Max Subarray in Haskell

2016-04-14  

David Lettier  

The Problem

We have a list or array of integers and wish to know what is the maximum positive sum we can find contained in some subarray in the list.

So for example say our array was [-1,2,3,4] then all the subarrays would be:

and the max subarray would be [2,3,4] for a total of 9. So subarray is defined as some section or the entire collection of the contiguous elements found in the array. For example [-1,4,3] would not be a subarray.

The problem was first posed by Ulf Grenander of Brown University in 1977, as a simplified model for maximum likelihood estimation of patterns in digitized images. A linear time algorithm was found soon afterwards by Jay Kadane of Carnegie-Mellon University (Bentley 1984).

We’ll also throw in a twist and say that if our array has only negative integers then we want the maximum one. And as an added kicker we will want to know what is the largest positive sum of any collection of elements in the array.

The Solution

One way to solve this problem would be to keep track of two indexes i and j and iterate through the array from 0 to N-1 for i and for each one of those iterations iterate through the array again from i to N-1 for j. Each time you iterate you take a slice of the array, compute the sum, and take the max of the sum and what you have seen already.

-- Puesdo code

{-
  max_sum = 0
  a = [...]
  N = length(a)
  for i in 0 through N-1
    for j in i through N-1
      max_sum = max(max_sum, sum(a[i through j])
  return max_sum

  For a=[-1,2,3,4] this works out to:

  max_sum = 0
  max_sum = max(max_sum, sum([-1]))        -
  max_sum = max(max_sum, sum([-1,2]))      |
  max_sum = max(max_sum, sum([-1,2,3]))    |
  max_sum = max(max_sum, sum([-1,2,3,4]))  |
  max_sum = max(max_sum, sum([2]))         -
  max_sum = max(max_sum, sum([2,3]))       |
  max_sum = max(max_sum, sum([2,3,4]))     |
  max_sum = max(max_sum, sum([3]))         -
  max_sum = max(max_sum, sum([3,4]))       |
  max_sum = max(max_sum, sum([4]))         -
-}

For the first inner iteration we do four steps and then afterward we do three, then two, and then one step for a total of 10 steps. If the array was size five we would have done five, four, three, two, and then one step for a total of 15 steps. This works out to n(n+1)/2 steps for an array of size n (triangle numbers). So the number of steps of this algorithm is roughly n^2 (excluding the steps needed to sum each subarray).

Run Time Comparisons

Run Time Comparisons

Another way would be to enumerate through all of the possible subarrays summing each one and keeping track of the largest one. First you would sum all of the subarrays of size one and remember the largest. Then you would sum all of the subarrays of size two and so on and so fourth until you summed the entire array. However this is more or less the same as the previous approach. Both of these approaches preform redundant work. If you checked [2,3] then you do not have to check [2,3,4] from scratch.
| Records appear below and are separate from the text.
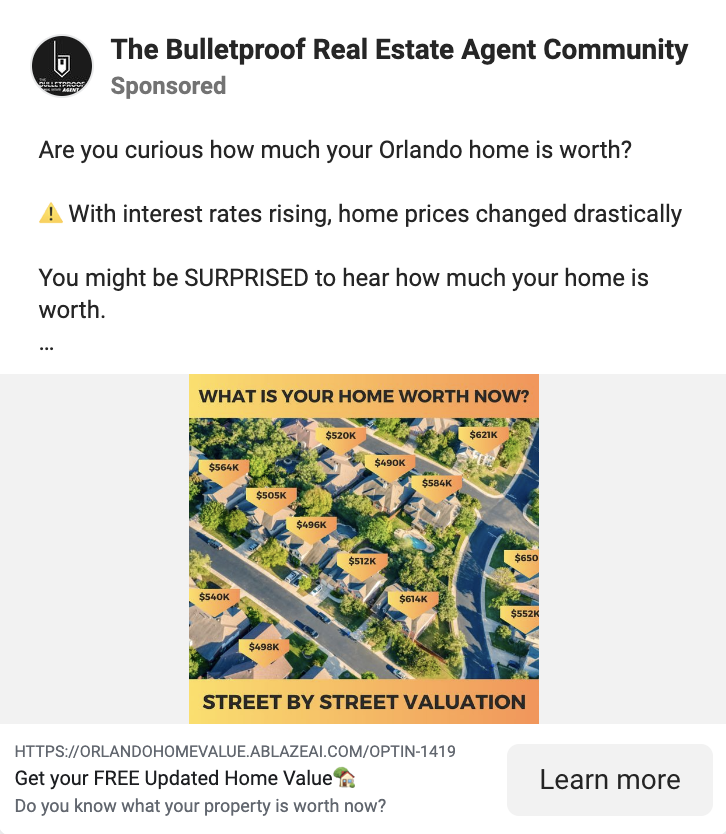 facebook ads for real estate - home value report
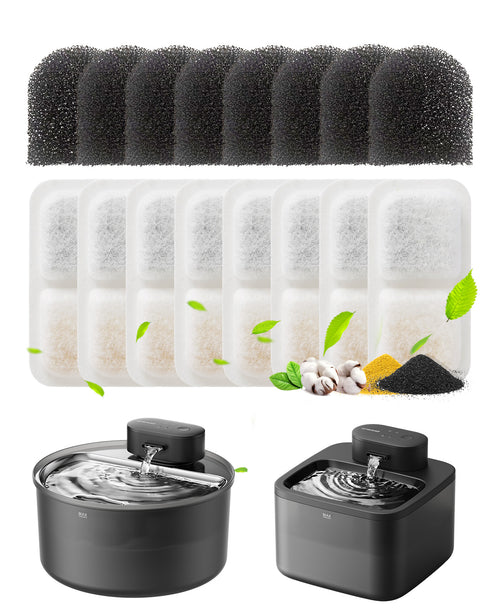 Oneisall 2.2L Cat Water Fountain 8 Pcs Carbon Filters Replacement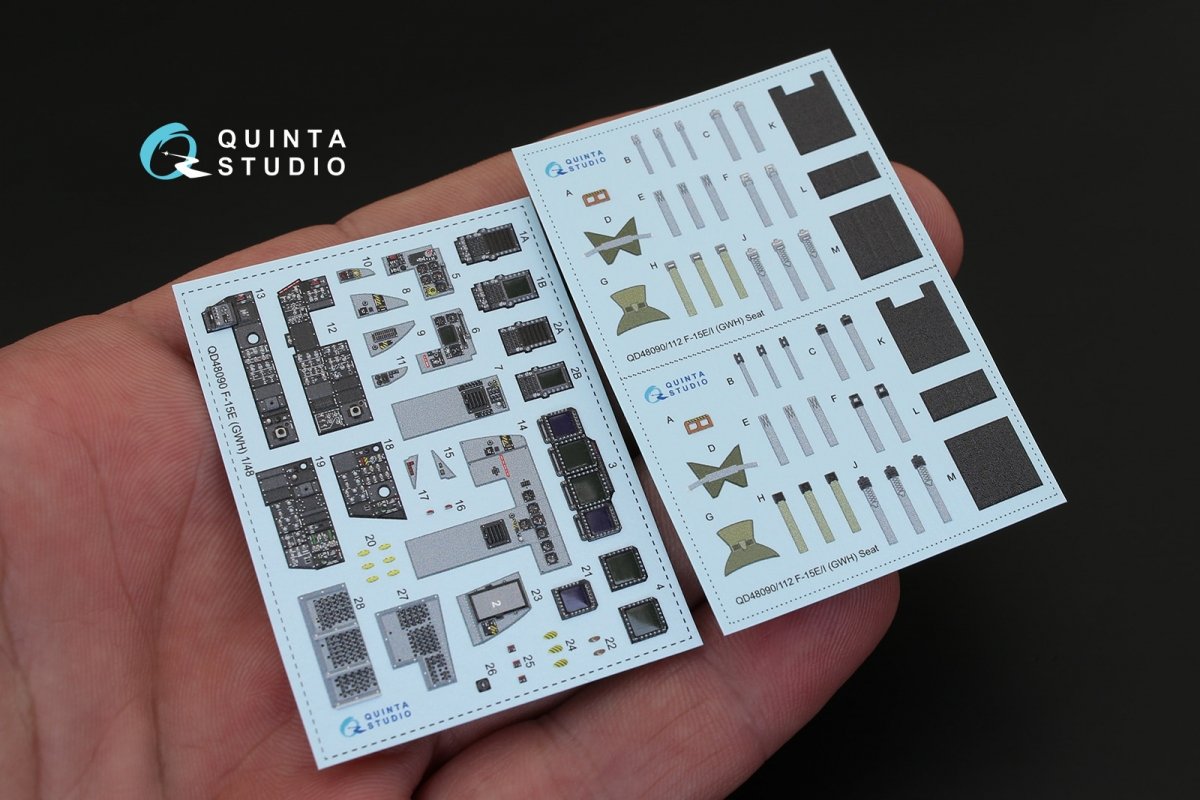 Quinta Studio QD48090 F-15E 3D-Printed &amp;amp; coloured Interior on decal paper (for GWH kit) 1/48 – Bild 3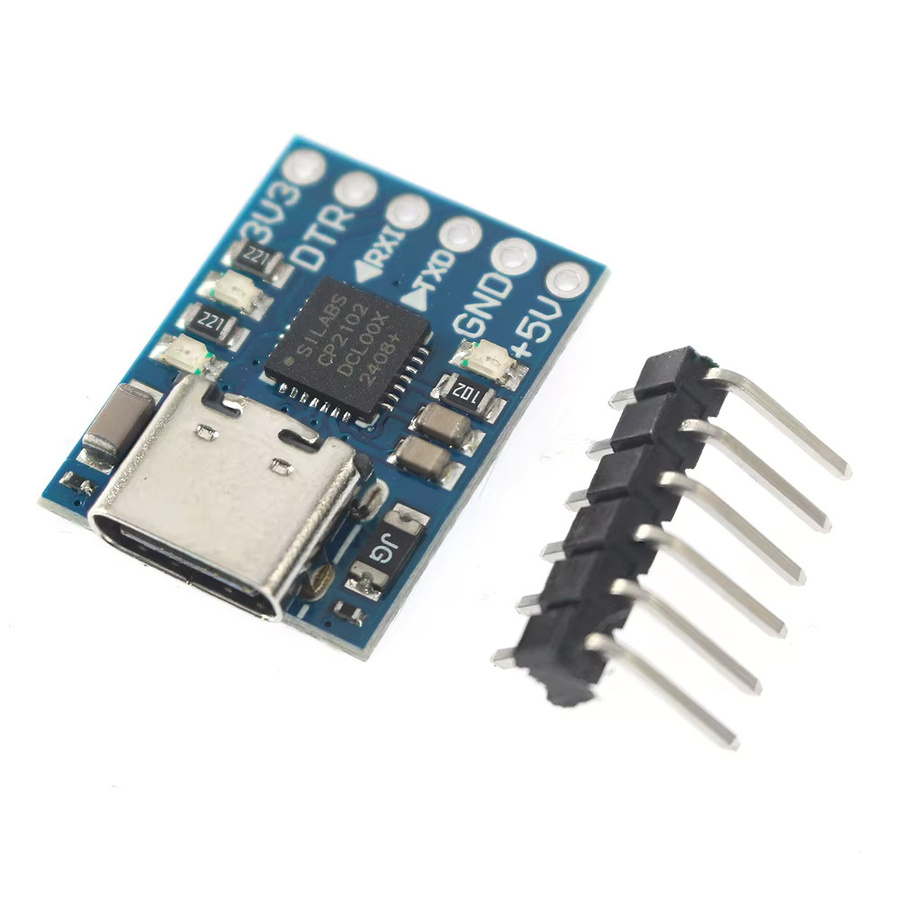 YTDMEN CP2102 USB-C und Micro-USB zu UART TTL Modul 6Pin Serieller Konverter in Blau - Bild 1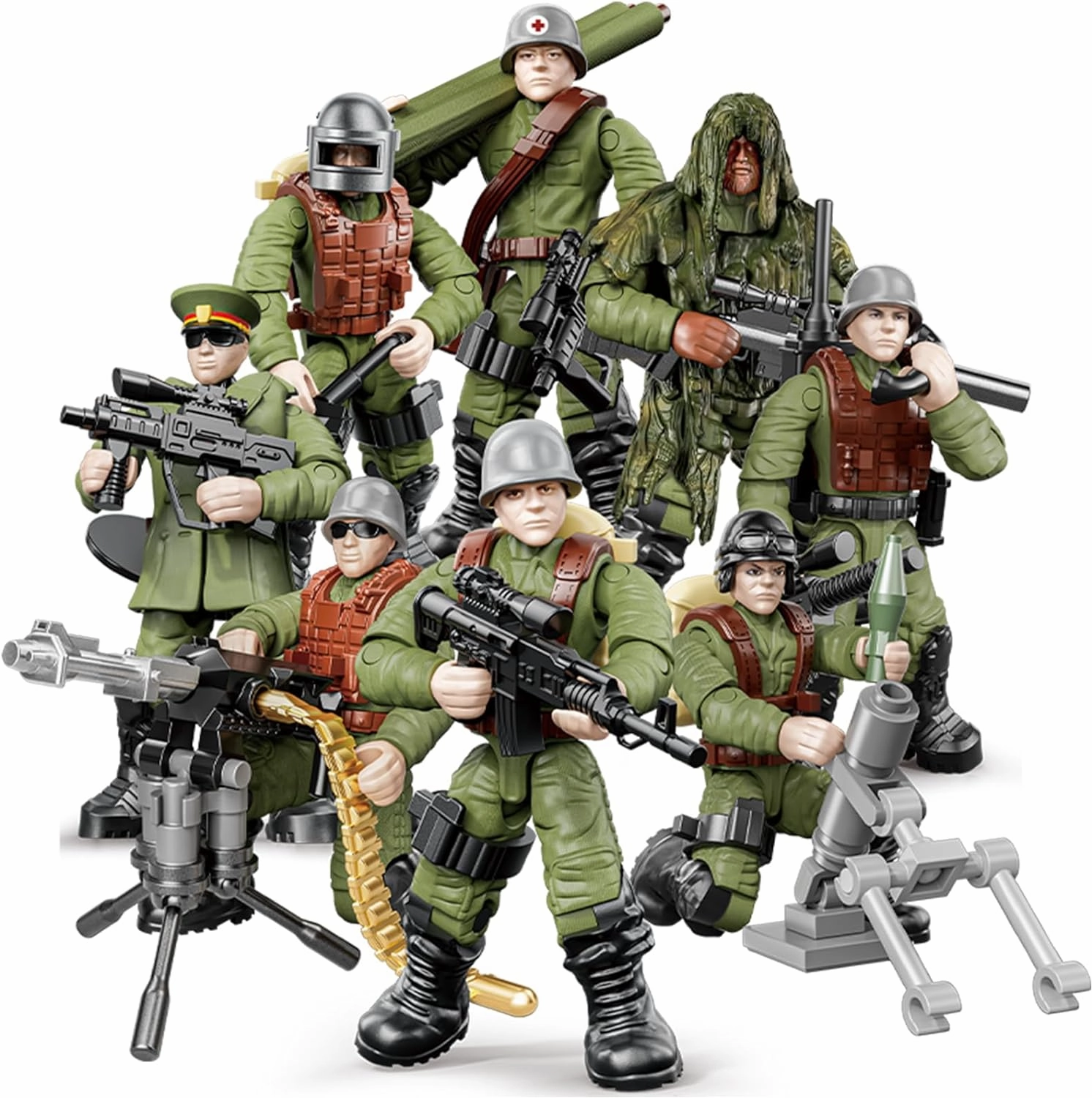 8 PCS Mini Soldier Military Action Figures, Army Model Building Block Toys with Multiple Military Weapons Accessories,Party Favors Set for Kids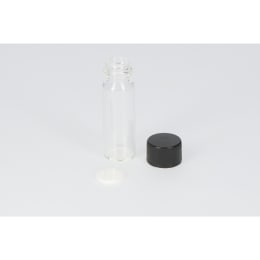 日電理化硝子 ねじ口瓶S-1 4mL 無色 黒キャップ ソフトロンPP貼りパッキン 100組 250226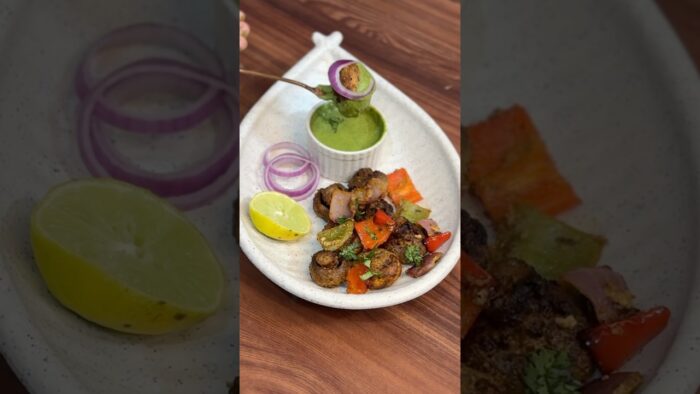 The best mushroom tikka recipe in airfryer 🍄‍🟫 #shorts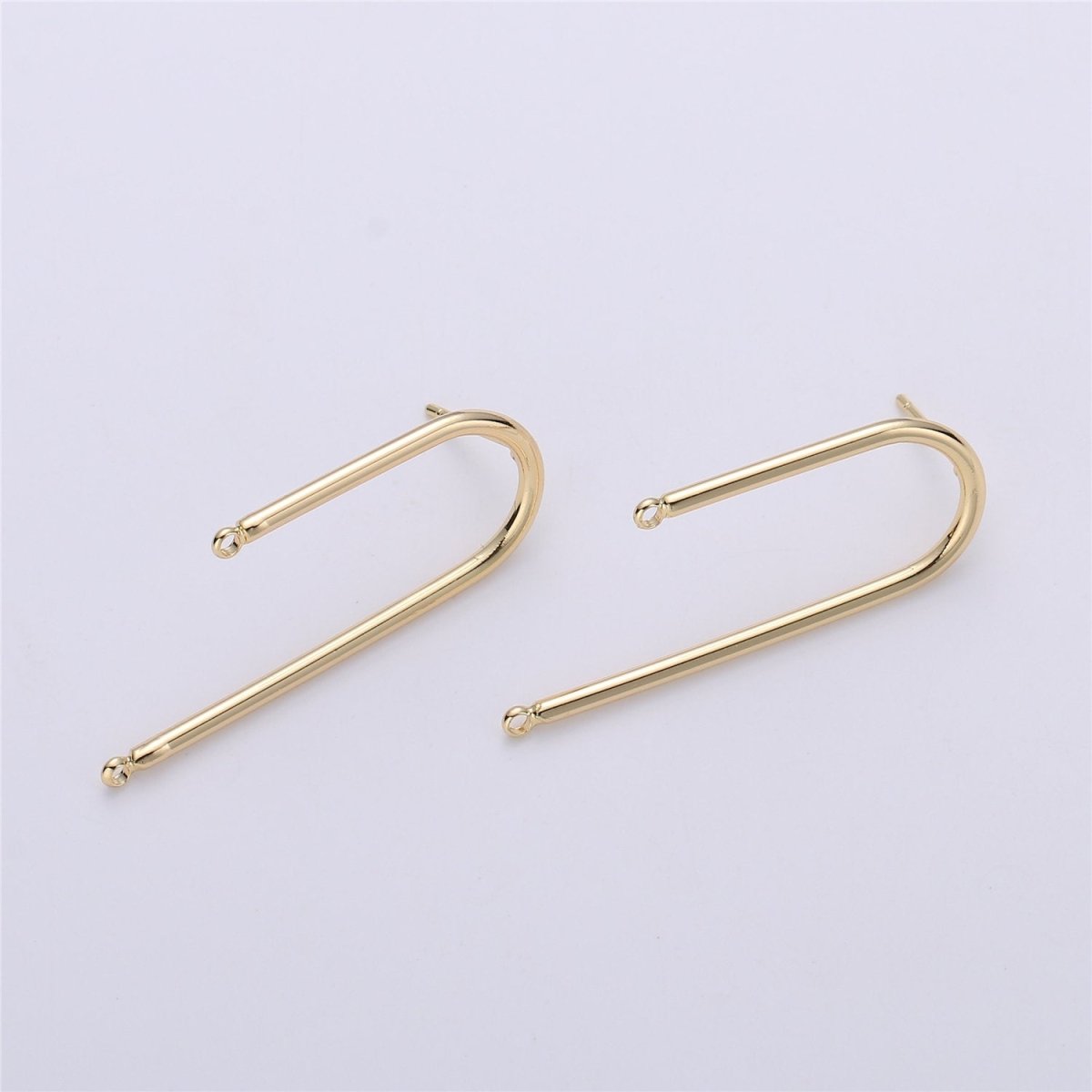 Gold Rectangular Post Earring, Geometric Earrings with Open Link for DIY Earring Jewelry Making Gold Filled K-252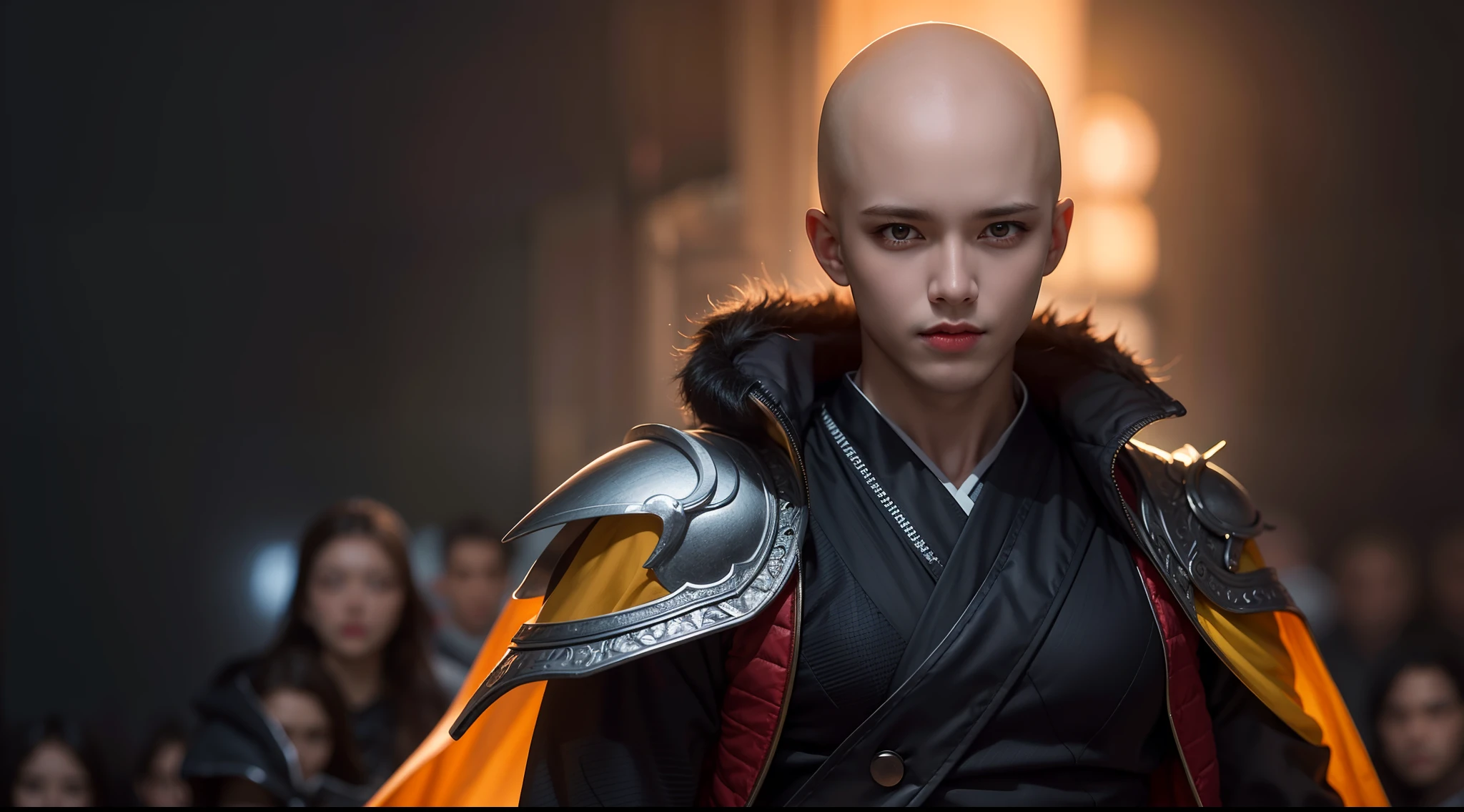 An 8k masterpiece, highest resolution, every detail, meticulous detail, depth of field, bright colors, beautiful composition: anime character Saitama with beautifully detailed glowing eyes, standing on a dark and ominous background. Yellow shirt, cape, This handsome demon slayer is the epitome of bad guys in the fantasy art world.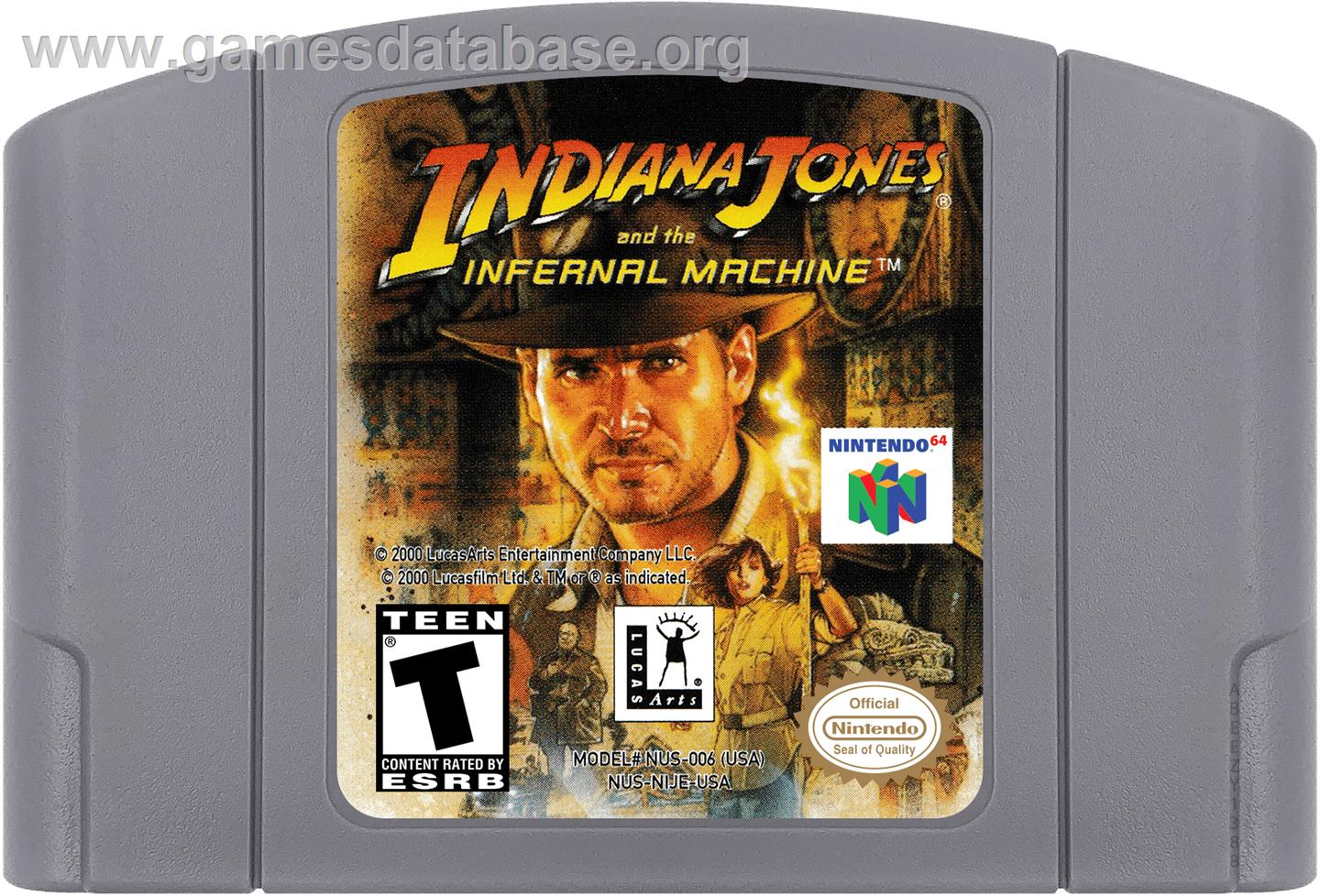 Indiana Jones and the Infernal Machine - Nintendo N64 - Artwork - Cartridge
The approach we will take is a linear time algorithm known as Kadane's algorithm. If you have never read Haskell before, do not worry as it will be straight forward.

We will begin by looking at our input.

Number of arrays
First array number of items
First array items
Second array number of items
Second array items
.
.
.
Nth array number of items
Nth array items
N
3
1 -2 3
4
1 2 -3 4
.
.
.
10
1 -2 3 4 -5 6 -7 8 9 10

So we will need to process each line and gather up all of the arrays.

1) main :: IO ()
2) main = do
3)   input <- fmap ((map words) . lines) getContents
4)   let arrays = map snd $ filter (\(x, y) -> (mod x 2) /= 0) $ zip [0..] (tail input)
5)   let arrays' = map (\x -> map (\y -> read y :: Int) x) arrays
6)   mapM_ (\ x -> putStrLn (max_cont_ncont_sum x)) arrays'

Line one is just defining our main function much like in C. Line three says hey get the entire input, break it up into an array of lines, for each line split the line into words, and then store this in input. Line four and five are pulling out the actual arrays in the input. First we will discard, by calling (tail input), the first input line which says how many arrays there are. This is what we mean by tail or put another way: everything but the head or first part.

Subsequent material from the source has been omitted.